▸ TASK PROMPT
The line with "Thiết kế Web đồ ăn vặt popeyes.vn" through the last line of the entries: give these again exactly, and only these, without any pictures.

▸ EXTRACTED RECORDS

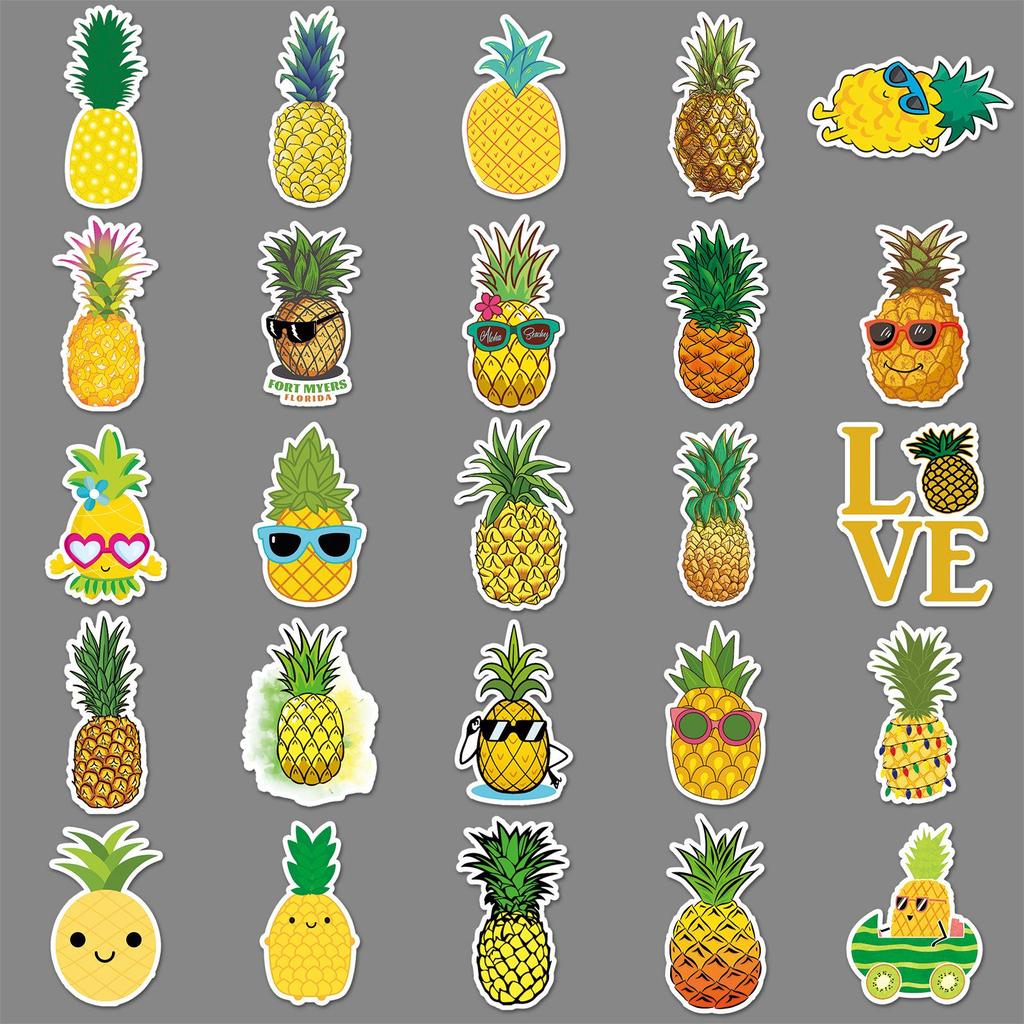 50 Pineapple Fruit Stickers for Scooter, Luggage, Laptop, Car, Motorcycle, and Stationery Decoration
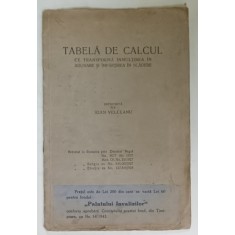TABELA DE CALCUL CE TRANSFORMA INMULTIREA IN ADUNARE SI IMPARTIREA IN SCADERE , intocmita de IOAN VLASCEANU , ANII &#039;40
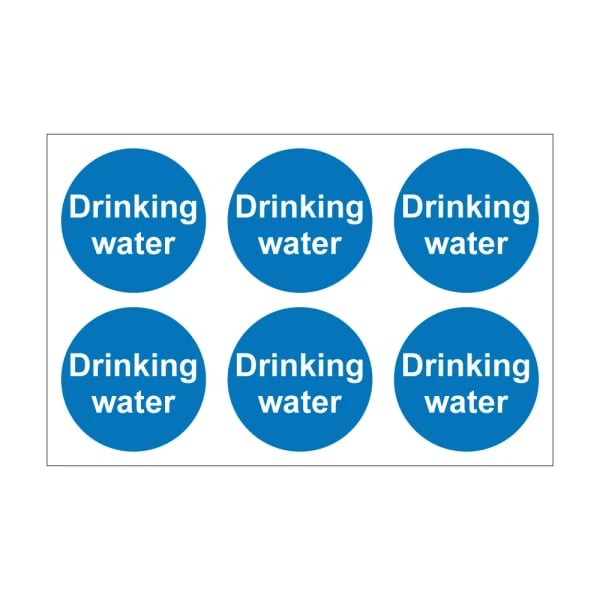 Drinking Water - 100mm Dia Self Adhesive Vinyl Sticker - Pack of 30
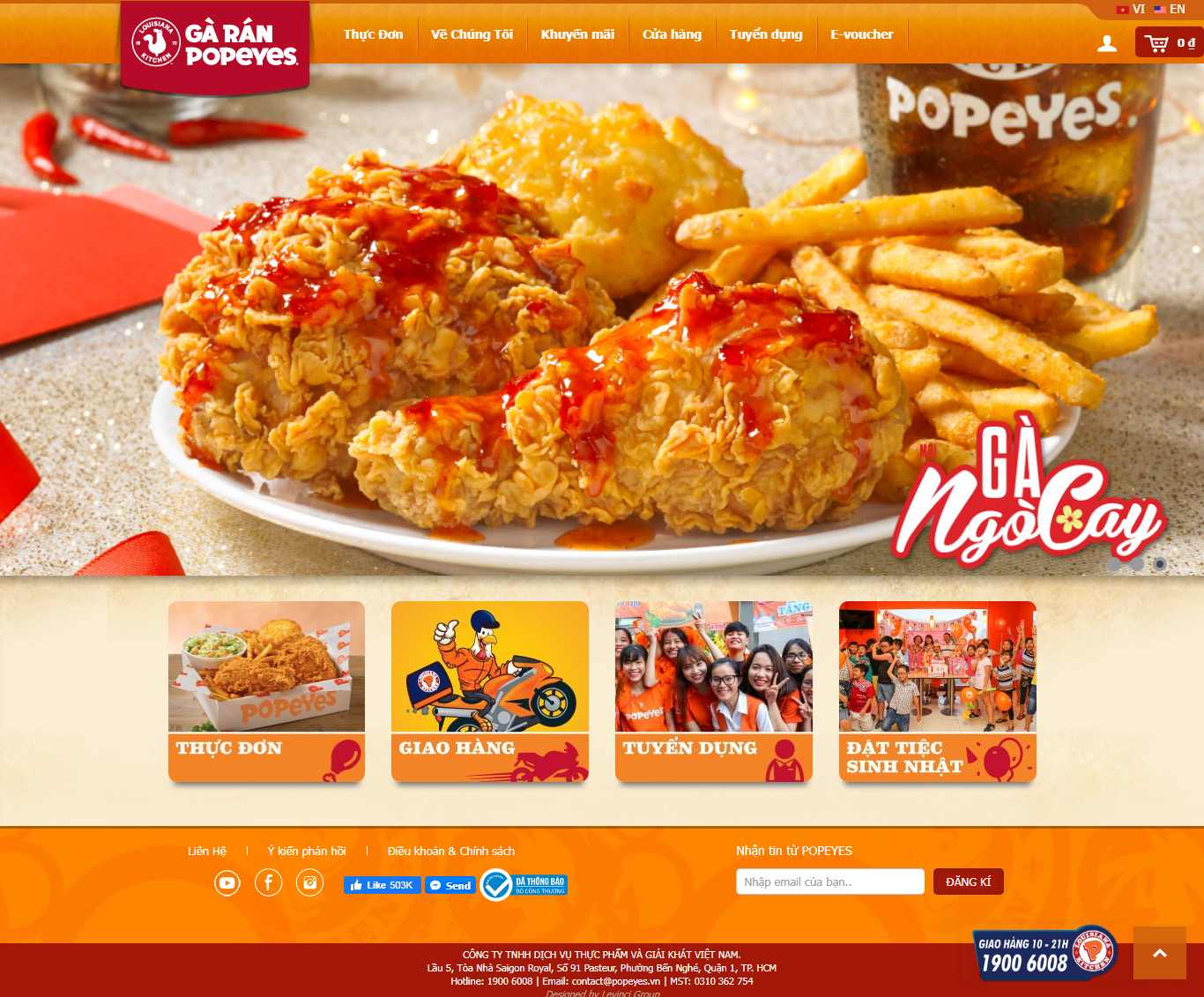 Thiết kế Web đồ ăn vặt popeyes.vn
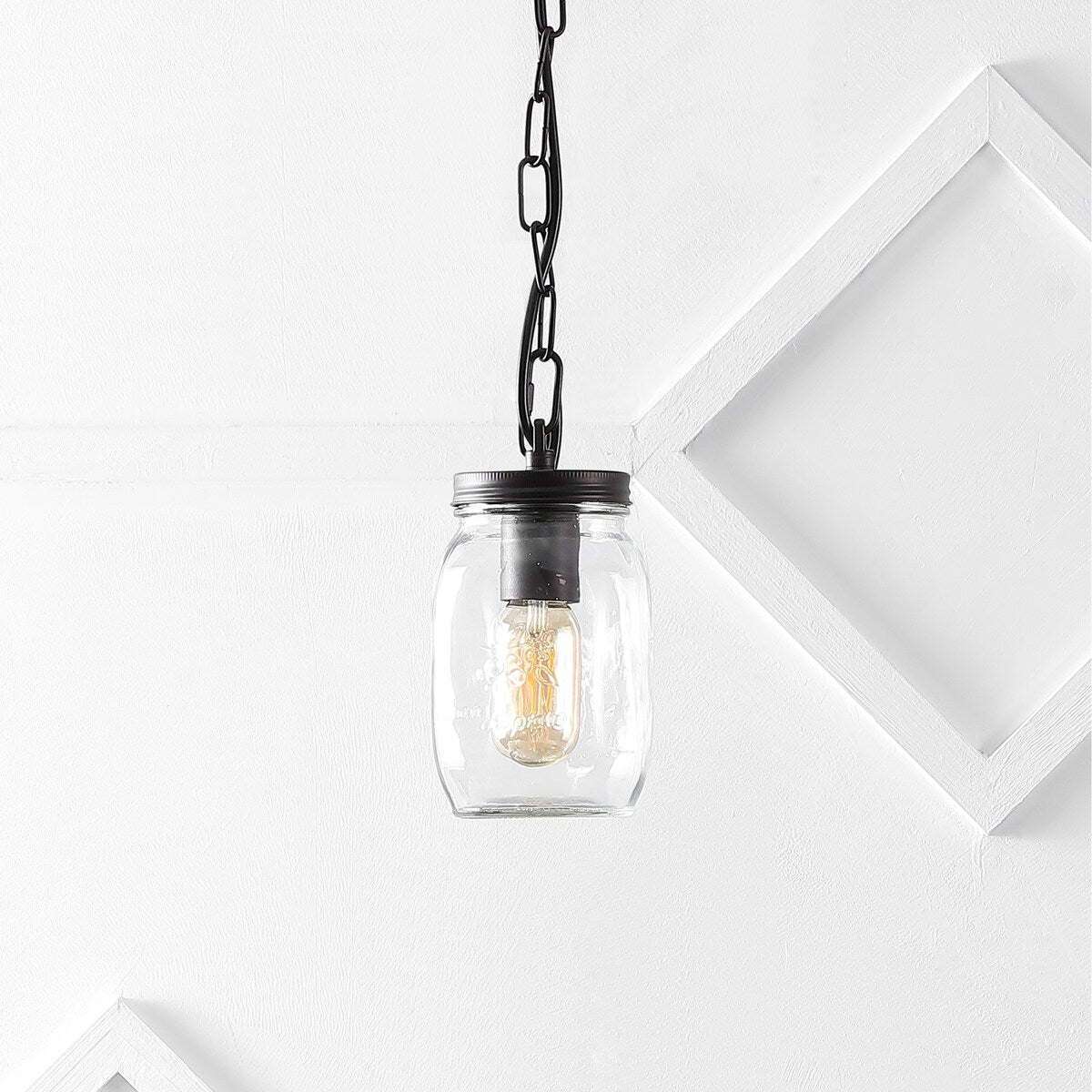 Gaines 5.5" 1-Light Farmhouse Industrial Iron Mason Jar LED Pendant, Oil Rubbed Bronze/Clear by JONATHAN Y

▸ EXERCISE ANSWER
 Thiết kế Web đồ ăn vặt popeyes.vn
 Gaines 5.5" 1-Light Farmhouse Industrial Iron Mason Jar LED Pendant, Oil Rubbed Bronze/Clear by JONATHAN Y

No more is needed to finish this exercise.